YOUR GOAL: Scan the entries below for the word "Road". Copy out every line in which it occurs.

Web page caption snippets:

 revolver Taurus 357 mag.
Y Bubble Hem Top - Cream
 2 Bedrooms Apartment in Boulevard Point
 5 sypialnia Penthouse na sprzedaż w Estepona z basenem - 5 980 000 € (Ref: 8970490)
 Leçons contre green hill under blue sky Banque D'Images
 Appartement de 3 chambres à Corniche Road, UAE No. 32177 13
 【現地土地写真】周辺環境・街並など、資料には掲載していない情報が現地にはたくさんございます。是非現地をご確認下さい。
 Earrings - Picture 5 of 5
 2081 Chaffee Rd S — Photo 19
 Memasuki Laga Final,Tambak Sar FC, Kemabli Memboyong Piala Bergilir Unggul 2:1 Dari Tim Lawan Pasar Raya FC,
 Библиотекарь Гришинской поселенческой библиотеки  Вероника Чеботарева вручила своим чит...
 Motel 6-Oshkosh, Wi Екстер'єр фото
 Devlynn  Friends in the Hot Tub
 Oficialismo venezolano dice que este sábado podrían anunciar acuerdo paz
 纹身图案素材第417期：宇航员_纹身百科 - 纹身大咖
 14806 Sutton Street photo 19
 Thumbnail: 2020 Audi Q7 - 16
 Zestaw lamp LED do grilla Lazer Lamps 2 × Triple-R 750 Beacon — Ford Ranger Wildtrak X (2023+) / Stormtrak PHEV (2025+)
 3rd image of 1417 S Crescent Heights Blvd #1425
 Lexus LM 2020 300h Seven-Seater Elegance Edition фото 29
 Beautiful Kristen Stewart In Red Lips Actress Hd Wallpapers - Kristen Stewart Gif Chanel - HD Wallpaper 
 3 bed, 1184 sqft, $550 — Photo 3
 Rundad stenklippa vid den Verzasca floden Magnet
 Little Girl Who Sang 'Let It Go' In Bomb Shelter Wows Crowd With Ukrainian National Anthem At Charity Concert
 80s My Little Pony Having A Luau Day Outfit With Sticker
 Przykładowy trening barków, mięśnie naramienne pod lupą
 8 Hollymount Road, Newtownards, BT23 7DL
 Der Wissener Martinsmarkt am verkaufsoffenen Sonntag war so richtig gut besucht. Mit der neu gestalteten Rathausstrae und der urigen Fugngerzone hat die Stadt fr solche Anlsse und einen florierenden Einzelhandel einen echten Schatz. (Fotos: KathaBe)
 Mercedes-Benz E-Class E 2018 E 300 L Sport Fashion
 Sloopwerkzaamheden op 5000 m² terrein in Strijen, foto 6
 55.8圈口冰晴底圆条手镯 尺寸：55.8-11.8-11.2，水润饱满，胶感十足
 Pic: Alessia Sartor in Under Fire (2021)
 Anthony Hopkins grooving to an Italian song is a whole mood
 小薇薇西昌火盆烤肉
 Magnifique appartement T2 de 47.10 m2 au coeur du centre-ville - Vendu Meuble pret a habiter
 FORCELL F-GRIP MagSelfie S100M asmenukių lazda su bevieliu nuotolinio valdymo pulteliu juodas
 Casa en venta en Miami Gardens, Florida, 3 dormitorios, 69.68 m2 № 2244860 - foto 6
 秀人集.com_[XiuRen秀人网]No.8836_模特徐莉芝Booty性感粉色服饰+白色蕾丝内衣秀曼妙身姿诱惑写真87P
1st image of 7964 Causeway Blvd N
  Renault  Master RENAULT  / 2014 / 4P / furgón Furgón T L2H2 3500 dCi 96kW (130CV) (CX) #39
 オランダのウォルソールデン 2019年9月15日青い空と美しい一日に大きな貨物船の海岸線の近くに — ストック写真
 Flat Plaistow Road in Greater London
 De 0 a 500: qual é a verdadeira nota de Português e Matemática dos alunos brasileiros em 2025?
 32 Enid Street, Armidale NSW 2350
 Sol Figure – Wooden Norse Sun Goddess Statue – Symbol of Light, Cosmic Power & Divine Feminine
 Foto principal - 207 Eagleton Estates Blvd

RESULT:
 Appartement de 3 chambres à Corniche Road, UAE No. 32177 13
 8 Hollymount Road, Newtownards, BT23 7DL
 Flat Plaistow Road in Greater London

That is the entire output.